[RECORD EXTRACTS]:
====
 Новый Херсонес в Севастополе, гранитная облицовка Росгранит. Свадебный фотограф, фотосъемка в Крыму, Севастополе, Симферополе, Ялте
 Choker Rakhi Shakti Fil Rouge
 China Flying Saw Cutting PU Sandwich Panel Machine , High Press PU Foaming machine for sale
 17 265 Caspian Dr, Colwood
====
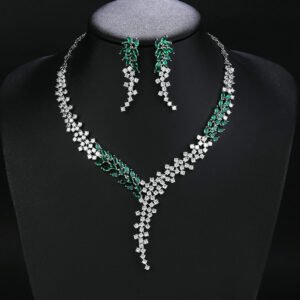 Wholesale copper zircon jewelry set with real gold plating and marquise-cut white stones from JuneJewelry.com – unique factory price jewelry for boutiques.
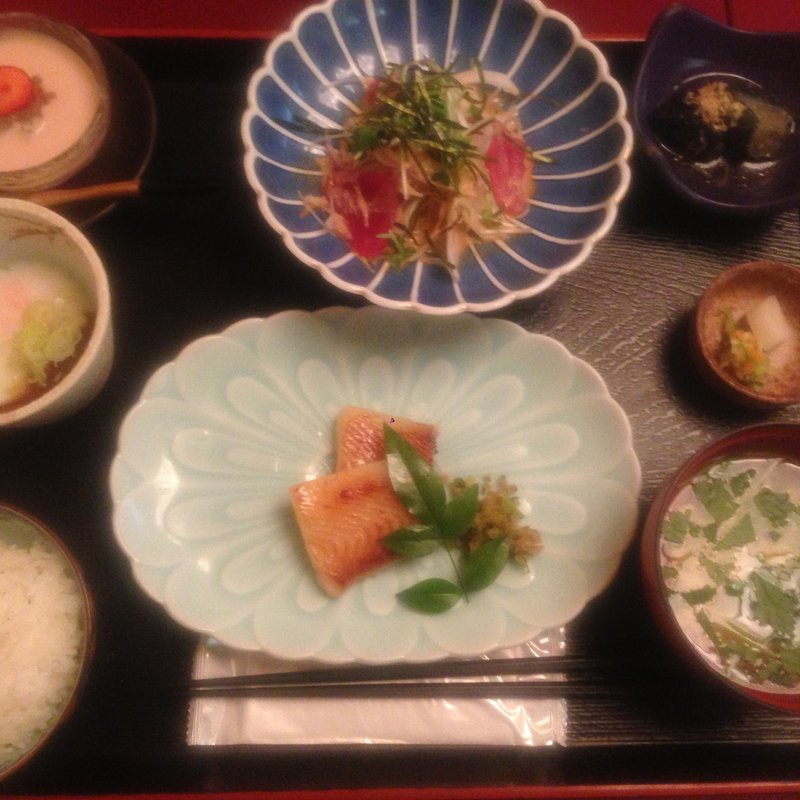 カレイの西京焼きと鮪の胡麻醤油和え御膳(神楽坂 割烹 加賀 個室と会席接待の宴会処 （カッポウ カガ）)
====
[EXERCISE AIM]: What you give back should be exactly the lines of the data above from the line with "Новый Херсонес в" through the line with "17 265 Caspian Dr, Colwood", both of those included, and nothing more.

[WRITTEN REPLY]:
 Новый Херсонес в Севастополе, гранитная облицовка Росгранит. Свадебный фотограф, фотосъемка в Крыму, Севастополе, Симферополе, Ялте
 Choker Rakhi Shakti Fil Rouge
 China Flying Saw Cutting PU Sandwich Panel Machine , High Press PU Foaming machine for sale
 17 265 Caspian Dr, Colwood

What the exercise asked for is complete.